L'insight clé est le suivant : vous n'avez pas besoin d'une attribution parfaite pour prendre de bonnes décisions. Il vous faut une mesure cohérente dans le temps. Si les ventes d'un produit mis en avant augmentent de 12 % les semaines où il apparaît à l'écran et reviennent à leur niveau habituel les semaines où il n'y est pas, vous disposez d'un argument solide — même s'il n'est pas mathématiquement irréfutable — pour démontrer l'impact de l'écran.

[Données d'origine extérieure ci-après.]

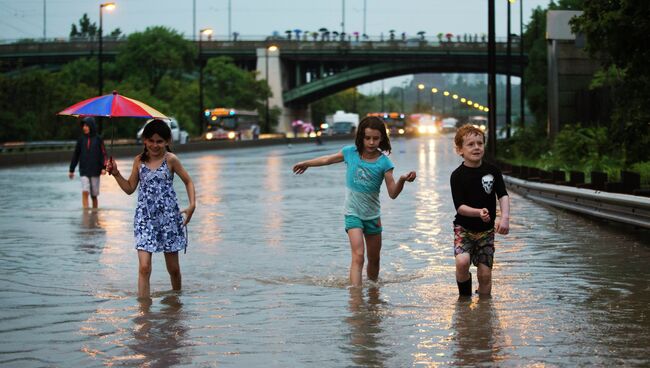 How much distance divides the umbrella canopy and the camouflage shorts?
2797mm

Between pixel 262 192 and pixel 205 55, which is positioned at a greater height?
pixel 205 55

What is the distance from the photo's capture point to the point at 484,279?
34.0 feet

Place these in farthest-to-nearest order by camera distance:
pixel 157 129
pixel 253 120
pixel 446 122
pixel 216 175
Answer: pixel 446 122
pixel 253 120
pixel 216 175
pixel 157 129

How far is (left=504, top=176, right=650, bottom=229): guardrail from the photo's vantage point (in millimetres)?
16266

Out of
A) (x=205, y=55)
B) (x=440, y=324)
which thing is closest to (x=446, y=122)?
(x=205, y=55)

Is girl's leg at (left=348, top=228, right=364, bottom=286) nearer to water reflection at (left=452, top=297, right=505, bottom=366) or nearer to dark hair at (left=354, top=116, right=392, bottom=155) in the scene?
dark hair at (left=354, top=116, right=392, bottom=155)

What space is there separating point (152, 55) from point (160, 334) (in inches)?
4230

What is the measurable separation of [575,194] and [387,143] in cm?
1017

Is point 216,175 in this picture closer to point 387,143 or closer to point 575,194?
point 575,194

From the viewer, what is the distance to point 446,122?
19750cm

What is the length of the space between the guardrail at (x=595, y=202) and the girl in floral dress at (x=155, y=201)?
6.94 m

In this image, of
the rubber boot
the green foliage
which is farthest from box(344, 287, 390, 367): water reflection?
the green foliage

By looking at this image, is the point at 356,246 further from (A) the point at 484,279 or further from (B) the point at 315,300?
(A) the point at 484,279

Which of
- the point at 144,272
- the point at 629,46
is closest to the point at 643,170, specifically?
the point at 629,46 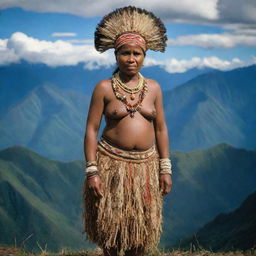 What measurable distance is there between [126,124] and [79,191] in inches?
4625

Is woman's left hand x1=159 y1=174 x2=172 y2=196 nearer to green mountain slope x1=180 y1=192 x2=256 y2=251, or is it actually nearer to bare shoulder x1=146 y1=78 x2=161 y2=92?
bare shoulder x1=146 y1=78 x2=161 y2=92

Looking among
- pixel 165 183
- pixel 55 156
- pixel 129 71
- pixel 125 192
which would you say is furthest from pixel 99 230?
pixel 55 156

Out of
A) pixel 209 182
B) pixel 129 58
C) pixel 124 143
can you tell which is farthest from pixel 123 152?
pixel 209 182

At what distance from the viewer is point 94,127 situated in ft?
14.3

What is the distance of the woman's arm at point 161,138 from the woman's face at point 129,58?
34 centimetres

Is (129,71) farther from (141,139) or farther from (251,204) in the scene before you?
(251,204)

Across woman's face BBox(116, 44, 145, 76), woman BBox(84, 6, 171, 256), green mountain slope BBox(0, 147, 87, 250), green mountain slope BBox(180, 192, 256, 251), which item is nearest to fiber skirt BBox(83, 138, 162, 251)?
woman BBox(84, 6, 171, 256)

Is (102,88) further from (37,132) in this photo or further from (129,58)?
(37,132)

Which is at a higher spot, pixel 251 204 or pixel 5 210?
pixel 251 204

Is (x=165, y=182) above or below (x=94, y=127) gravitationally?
below

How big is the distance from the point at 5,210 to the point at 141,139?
9185 centimetres

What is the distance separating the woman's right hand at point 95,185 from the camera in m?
4.22

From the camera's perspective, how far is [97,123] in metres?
4.38

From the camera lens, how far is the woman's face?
427 cm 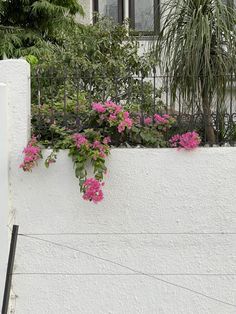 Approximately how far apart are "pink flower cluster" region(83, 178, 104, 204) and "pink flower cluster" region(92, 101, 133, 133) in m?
0.44

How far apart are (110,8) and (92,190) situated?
615 centimetres

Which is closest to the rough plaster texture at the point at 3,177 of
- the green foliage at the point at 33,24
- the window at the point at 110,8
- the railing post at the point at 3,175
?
the railing post at the point at 3,175

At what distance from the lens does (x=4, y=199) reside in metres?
3.76

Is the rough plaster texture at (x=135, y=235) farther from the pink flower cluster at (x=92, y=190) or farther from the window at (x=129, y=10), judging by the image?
the window at (x=129, y=10)

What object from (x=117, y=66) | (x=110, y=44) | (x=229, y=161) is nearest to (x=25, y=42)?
(x=110, y=44)

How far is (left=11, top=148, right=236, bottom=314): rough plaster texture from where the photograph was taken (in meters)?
3.81

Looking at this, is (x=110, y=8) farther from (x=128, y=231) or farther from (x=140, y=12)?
(x=128, y=231)

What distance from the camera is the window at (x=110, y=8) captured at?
8.93 metres

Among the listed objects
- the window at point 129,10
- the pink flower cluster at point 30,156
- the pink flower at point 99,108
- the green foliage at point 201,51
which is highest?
the window at point 129,10

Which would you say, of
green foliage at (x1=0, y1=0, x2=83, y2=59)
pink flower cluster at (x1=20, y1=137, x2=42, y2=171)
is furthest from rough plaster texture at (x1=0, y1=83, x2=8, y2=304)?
green foliage at (x1=0, y1=0, x2=83, y2=59)

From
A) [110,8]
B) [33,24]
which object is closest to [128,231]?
[33,24]

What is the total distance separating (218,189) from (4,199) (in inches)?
→ 63.9

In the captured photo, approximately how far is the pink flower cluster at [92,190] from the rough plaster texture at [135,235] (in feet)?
0.54

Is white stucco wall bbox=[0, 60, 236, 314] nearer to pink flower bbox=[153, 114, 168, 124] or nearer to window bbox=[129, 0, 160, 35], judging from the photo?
pink flower bbox=[153, 114, 168, 124] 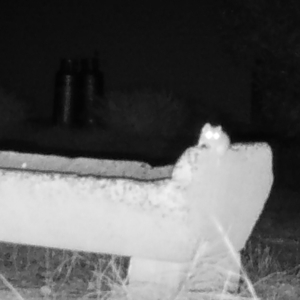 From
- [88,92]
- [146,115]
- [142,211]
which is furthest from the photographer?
[88,92]

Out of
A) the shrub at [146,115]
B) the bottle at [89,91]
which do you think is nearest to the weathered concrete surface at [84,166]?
the shrub at [146,115]

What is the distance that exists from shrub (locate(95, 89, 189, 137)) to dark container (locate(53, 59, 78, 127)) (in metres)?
0.56

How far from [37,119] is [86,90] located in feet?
1.39

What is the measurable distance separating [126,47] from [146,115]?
42.7 inches

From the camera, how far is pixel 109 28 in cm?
492

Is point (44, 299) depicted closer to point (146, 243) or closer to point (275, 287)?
point (146, 243)

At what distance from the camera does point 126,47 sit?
493 centimetres

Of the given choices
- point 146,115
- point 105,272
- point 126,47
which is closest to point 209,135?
point 105,272

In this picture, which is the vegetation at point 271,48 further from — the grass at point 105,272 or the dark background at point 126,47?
the grass at point 105,272

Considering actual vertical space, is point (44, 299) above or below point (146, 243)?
below

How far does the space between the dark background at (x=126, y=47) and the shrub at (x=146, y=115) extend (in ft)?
2.38

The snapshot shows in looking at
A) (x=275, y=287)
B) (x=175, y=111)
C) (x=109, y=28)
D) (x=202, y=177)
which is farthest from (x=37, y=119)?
(x=202, y=177)

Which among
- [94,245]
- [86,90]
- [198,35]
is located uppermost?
[198,35]

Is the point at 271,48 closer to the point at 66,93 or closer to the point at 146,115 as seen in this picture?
the point at 146,115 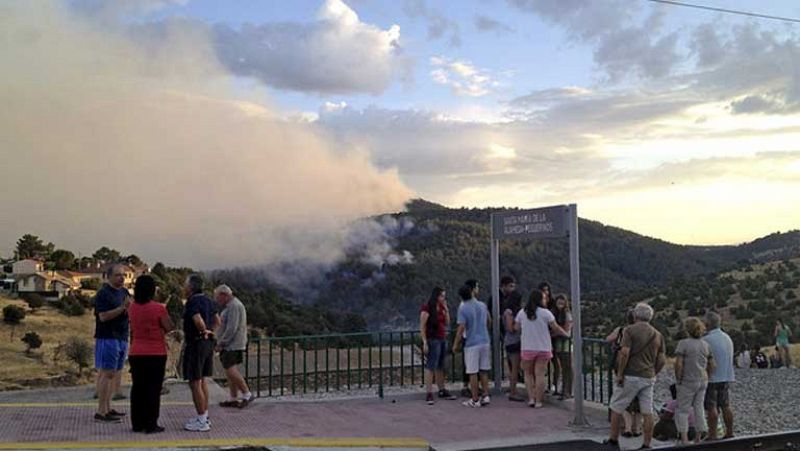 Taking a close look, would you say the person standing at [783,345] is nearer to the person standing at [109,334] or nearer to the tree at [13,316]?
the person standing at [109,334]

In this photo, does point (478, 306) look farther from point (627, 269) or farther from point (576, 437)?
point (627, 269)

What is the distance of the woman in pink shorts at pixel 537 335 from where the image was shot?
10531mm

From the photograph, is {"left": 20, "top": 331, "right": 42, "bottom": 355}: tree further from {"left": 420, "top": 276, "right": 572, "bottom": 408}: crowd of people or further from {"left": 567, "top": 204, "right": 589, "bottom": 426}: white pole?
{"left": 567, "top": 204, "right": 589, "bottom": 426}: white pole

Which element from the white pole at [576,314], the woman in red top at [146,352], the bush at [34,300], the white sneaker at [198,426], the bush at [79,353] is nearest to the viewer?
the woman in red top at [146,352]

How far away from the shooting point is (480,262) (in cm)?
5872

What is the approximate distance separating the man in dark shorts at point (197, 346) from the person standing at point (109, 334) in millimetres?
757

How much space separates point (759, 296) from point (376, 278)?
25314 millimetres

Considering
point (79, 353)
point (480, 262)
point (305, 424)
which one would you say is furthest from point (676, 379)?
point (480, 262)

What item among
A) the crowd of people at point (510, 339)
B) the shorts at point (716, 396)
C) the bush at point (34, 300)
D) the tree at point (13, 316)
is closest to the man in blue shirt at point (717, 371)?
the shorts at point (716, 396)

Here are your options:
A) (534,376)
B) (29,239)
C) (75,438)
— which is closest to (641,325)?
(534,376)

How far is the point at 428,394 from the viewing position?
1135 cm

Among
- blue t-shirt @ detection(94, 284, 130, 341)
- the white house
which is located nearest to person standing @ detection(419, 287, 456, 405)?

Les quatre types de ROI de l'affichage dynamique
Tout retour sur investissement ne se traduit pas forcément en chiffre d'affaires. L'affichage dynamique génère de la valeur selon quatre catégories distinctes, et une évaluation complète du ROI doit toutes les prendre en compte :
- Hausse du chiffre d'affaires : Augmentation directe des ventes attribuable aux produits ou services mis en avant par l'affichage. C'est le ROI le plus tangible et le plus facile à mesurer dans les environnements retail et restauration rapide.
- Économies de coûts : Réduction des dépenses d'impression, de distribution et de mise à jour manuelle par rapport à l'affichage statique. C'est souvent le ROI le plus simple à calculer, car les coûts avant/après sont bien documentés.
- Valeur d'engagement : Augmentation du temps de présence, réduction du temps d'attente perçu, amélioration des scores de satisfaction et meilleure transmission de l'information. Plus difficile à monétiser directement, mais mesurable via des enquêtes et des observations comportementales.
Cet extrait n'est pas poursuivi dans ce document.